State Farm contends that John Deere's exclusion of coverage for a customer violates public policy. It contends that, pursuant to Vehicle and Traffic Law — 388 and insurance regulation 11 NYCRR 60-1.1 (c), an owner of a vehicle is required to provide primary insurance coverage up to the statutory minimum amount for any permissive user of the owner's vehicle. However, the Court of Appeals has held that the "no liability" clause in a garage liability policy such as that at issue here does not violate New York law or public policy and does not provide coverage to an insured driver (see, Mills v. Liberty Mut. Ins. Co., 36 A.D.2d 445, affd 30 N.Y.2d 546; Davis v. DeFrank, 33 A.D.2d 236, affd 27 N.Y.2d 924). In its decision in Mills v. Liberty Mut. Ins. Co. (supra, at 447), the Appellate Division, Fourth Department noted that the briefs submitted by insurers to the Court of Appeals in Davis v. DeFrank (supra) "argued at length the invalidity of the `no liability' clause, based upon the same contentions urged before us — viz., that the clause violates the Superintendent of Insurance's regulation 35-A (11 NYCRR 60.1[c]) and the public policy of this State. Nevertheless, the Court of Appeals affirmed the decision of this court without opinion ( 27 N.Y.2d 924)". In view of the determination of the Court of Appeals, John Deere is entitled to a declaration that it is not required to defend or indemnify Gloria Kandel.

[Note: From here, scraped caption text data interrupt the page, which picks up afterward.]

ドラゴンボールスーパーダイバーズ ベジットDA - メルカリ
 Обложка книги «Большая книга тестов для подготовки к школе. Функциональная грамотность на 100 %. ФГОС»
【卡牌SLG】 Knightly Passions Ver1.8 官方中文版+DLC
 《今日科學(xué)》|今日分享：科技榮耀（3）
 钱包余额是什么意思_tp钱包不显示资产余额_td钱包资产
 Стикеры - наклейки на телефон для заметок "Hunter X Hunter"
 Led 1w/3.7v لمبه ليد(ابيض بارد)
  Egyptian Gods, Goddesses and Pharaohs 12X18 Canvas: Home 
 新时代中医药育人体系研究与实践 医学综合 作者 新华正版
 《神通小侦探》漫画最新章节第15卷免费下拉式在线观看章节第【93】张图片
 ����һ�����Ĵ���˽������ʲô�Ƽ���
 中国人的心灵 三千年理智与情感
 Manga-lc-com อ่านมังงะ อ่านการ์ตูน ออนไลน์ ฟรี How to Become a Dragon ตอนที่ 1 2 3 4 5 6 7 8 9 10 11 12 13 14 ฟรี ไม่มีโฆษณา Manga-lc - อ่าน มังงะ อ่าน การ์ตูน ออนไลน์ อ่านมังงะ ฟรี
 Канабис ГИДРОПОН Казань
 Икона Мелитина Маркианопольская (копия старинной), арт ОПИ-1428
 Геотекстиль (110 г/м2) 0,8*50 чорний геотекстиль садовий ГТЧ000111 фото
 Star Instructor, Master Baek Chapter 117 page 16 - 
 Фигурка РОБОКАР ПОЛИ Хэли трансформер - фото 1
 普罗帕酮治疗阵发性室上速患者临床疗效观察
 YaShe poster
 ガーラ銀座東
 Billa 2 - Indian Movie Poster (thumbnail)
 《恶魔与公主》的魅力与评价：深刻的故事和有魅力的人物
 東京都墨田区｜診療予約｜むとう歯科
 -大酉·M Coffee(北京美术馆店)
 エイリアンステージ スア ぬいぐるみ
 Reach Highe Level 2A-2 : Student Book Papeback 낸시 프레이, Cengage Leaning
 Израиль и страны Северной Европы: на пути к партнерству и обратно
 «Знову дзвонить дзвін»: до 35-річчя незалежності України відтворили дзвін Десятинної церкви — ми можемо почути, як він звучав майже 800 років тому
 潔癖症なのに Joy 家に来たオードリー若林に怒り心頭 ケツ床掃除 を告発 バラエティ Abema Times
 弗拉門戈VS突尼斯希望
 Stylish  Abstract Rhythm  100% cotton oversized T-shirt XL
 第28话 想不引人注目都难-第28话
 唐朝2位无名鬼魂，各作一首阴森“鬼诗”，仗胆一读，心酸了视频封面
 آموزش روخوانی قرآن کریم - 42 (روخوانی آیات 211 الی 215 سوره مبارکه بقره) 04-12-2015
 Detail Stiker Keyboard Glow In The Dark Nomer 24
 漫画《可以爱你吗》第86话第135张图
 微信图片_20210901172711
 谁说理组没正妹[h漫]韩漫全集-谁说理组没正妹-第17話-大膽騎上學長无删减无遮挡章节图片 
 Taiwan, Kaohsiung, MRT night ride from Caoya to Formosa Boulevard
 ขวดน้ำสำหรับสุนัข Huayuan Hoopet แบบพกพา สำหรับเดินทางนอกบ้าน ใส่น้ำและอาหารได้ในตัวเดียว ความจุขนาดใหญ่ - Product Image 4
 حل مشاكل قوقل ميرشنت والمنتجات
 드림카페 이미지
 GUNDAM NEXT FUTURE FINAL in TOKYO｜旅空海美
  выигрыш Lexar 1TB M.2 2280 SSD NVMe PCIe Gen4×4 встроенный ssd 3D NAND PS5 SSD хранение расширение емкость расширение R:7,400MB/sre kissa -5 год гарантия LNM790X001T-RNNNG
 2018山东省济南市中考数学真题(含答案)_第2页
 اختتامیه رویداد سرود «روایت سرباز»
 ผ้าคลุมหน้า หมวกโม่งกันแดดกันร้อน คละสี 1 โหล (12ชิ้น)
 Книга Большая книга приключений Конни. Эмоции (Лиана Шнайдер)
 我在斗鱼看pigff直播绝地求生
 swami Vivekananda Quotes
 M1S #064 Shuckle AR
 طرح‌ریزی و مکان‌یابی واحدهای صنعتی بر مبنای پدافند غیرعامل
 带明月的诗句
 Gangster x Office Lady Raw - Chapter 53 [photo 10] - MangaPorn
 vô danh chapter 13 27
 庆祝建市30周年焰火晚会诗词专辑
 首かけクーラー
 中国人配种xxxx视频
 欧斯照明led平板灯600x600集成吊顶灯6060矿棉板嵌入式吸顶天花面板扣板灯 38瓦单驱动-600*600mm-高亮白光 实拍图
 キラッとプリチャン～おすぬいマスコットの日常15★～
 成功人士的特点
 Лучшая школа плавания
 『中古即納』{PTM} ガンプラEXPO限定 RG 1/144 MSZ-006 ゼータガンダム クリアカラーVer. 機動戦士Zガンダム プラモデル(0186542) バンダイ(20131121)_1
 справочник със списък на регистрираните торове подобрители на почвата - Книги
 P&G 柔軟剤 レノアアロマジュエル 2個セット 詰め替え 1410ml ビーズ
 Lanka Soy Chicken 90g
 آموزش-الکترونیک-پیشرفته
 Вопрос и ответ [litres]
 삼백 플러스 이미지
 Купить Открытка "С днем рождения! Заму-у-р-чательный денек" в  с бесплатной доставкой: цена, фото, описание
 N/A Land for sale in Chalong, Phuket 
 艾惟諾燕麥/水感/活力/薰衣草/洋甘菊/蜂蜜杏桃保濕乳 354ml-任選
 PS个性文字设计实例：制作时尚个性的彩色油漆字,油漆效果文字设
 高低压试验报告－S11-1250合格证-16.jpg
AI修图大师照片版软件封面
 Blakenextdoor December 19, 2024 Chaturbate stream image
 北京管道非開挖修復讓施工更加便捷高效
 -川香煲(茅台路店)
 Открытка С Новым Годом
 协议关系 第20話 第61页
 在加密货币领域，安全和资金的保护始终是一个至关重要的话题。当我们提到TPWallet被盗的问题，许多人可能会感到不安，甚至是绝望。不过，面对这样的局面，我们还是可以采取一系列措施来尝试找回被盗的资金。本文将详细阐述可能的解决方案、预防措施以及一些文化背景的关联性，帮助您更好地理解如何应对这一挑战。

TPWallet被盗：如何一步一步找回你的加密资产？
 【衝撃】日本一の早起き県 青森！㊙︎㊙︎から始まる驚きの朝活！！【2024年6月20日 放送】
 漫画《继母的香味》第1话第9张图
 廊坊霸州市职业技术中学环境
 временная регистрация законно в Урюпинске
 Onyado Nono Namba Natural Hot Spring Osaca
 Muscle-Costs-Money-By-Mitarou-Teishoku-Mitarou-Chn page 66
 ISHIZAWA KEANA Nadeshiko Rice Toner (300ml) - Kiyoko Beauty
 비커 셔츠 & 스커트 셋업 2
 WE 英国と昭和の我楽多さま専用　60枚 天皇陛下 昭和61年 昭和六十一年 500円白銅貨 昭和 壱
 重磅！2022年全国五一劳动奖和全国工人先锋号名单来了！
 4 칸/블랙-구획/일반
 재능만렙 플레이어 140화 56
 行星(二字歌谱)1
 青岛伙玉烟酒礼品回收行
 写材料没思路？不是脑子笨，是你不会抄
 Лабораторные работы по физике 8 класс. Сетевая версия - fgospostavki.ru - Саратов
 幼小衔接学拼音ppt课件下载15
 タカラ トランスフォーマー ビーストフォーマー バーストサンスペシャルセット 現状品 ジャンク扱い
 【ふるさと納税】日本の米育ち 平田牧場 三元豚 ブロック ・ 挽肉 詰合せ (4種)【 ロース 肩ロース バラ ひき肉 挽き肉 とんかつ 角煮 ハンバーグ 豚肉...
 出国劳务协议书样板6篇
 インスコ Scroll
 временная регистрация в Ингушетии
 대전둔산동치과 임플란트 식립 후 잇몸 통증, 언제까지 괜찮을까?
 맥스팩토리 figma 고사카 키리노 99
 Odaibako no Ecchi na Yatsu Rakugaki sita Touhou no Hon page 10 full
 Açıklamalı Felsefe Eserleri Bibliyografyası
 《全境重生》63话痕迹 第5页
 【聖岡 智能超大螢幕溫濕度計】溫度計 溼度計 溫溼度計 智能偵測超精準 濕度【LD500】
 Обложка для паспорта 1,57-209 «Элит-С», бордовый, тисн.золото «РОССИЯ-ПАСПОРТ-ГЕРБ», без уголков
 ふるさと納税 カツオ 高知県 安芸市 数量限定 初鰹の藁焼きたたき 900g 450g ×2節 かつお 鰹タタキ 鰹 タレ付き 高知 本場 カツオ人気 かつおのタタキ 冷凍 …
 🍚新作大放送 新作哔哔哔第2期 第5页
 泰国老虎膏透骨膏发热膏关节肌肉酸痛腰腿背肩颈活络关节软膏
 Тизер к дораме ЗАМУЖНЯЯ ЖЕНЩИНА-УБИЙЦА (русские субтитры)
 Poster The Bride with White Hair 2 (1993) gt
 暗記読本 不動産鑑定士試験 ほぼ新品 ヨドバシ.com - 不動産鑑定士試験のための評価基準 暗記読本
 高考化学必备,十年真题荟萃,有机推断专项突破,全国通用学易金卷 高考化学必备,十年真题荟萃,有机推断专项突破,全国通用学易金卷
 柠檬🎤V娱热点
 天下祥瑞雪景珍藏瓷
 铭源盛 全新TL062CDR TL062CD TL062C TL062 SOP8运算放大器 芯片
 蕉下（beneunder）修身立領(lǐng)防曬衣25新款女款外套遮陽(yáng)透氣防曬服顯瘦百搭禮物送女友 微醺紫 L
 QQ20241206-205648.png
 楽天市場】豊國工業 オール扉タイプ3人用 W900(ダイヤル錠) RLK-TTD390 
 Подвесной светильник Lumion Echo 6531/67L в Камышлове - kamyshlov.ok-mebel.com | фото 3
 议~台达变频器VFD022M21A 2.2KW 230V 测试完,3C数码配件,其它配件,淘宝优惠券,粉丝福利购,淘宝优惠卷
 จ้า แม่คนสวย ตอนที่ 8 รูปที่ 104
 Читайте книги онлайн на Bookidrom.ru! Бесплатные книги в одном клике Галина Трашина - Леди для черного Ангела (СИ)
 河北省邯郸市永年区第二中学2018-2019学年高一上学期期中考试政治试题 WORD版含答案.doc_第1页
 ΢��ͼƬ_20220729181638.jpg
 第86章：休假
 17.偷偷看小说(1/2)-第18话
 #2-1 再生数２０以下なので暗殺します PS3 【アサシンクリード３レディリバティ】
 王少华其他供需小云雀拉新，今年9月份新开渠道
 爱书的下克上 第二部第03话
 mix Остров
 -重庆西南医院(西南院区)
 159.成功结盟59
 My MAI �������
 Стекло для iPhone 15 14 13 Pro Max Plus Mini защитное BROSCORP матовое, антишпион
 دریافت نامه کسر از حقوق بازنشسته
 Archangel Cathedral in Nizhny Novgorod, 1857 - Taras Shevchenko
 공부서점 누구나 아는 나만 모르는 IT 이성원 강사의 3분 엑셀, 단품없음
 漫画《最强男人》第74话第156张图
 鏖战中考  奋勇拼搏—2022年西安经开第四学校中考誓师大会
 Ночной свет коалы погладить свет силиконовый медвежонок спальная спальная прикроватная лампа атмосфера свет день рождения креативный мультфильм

The decision in ELRAC, Inc. v. Ward ( 96 N.Y.2d 58), does not require a different result. In that case, the Court of Appeals was concerned with the obligations of a self-insured rental car company under Vehicle and Traffic Law — 370 and 388 to provide primary coverage for its renters and to meet its financial obligation, as the owner of the vehicle, to pay any damages caused by a renter. The rental car company, in its application for a certificate of self insurance, had averred that it would provide primary coverage at all times. The Court of Appeals held that the company was therefore precluded from shifting to renters its obligation as the owner to provide the statutory minimum insurance to an injured third party. The question of whether the rationale in ELRAC, Inc. v. Ward (supra) should be extended to auto dealerships, and its own precedents overruled, is better left to the Court of Appeals.
State Farm's contention that John Deere must, in any event, provide coverage because it failed to timely disclaim is without merit. An insurer has no obligation to timely disclaim in situations where, as here, coverage does not exist under the terms of the policy (see, Zappone v. Home Ins. Co., 55 N.Y.2d 131; Matter of State Farm Mut. Ins. Co. v. Vazquez, 249 A.D.2d 312).
Accordingly, the judgment is reversed, and it is declared that John Deere is not obligated to defend and indemnify Gloria Kandel in the underlying action.
O'BRIEN, J.P., GOLDSTEIN, SCHMIDT and SMITH, JJ., concur.